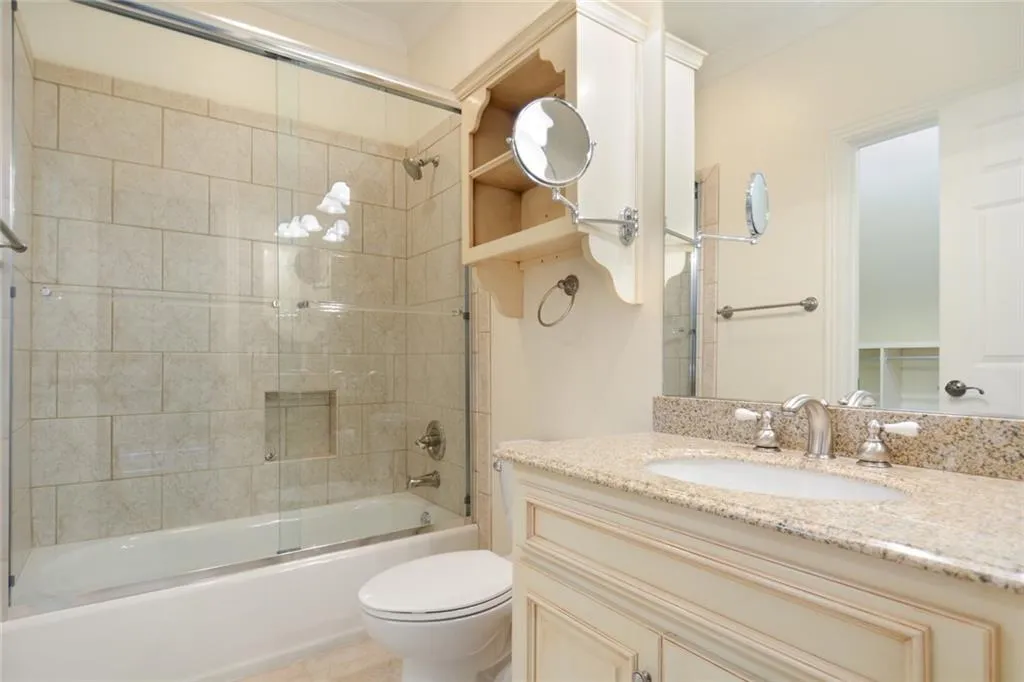 4992 Rebel Trail, Atlanta, Georgia 30327, 6 Bedrooms Bedrooms, ,5 BathroomsBathrooms,Residential,Sold,4992 Rebel Trail,6832527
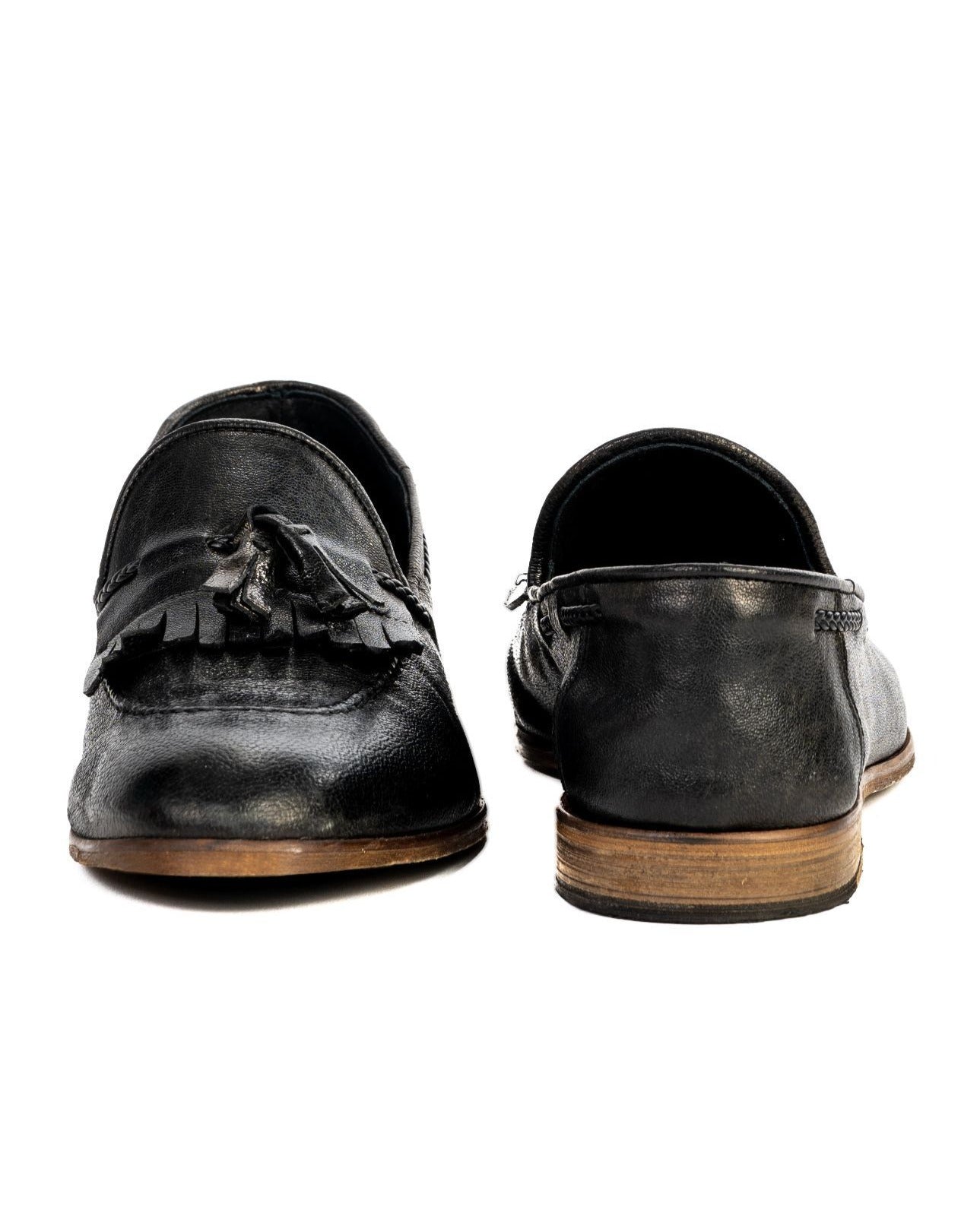 Pablo - black moccasin with fringe and tassel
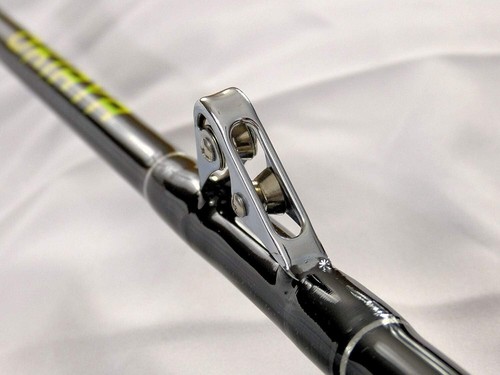 OKIAYA COMPOSIT 150-200LB “Marlin Mangler Series Saltwater Big Game Roller Rod - Picture 5 of 11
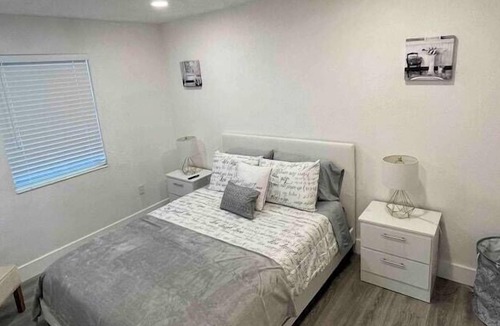 Biscayne Park Apartment | 3 Bedroom 665028 by Houzlet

## Instructions for the task
Output the data exactly. Pictures don't belong in the result.

## Result
 4992 Rebel Trail, Atlanta, Georgia 30327, 6 Bedrooms Bedrooms, ,5 BathroomsBathrooms,Residential,Sold,4992 Rebel Trail,6832527
 Pablo - black moccasin with fringe and tassel
 OKIAYA COMPOSIT 150-200LB “Marlin Mangler Series Saltwater Big Game Roller Rod - Picture 5 of 11
 Biscayne Park Apartment | 3 Bedroom 665028 by Houzlet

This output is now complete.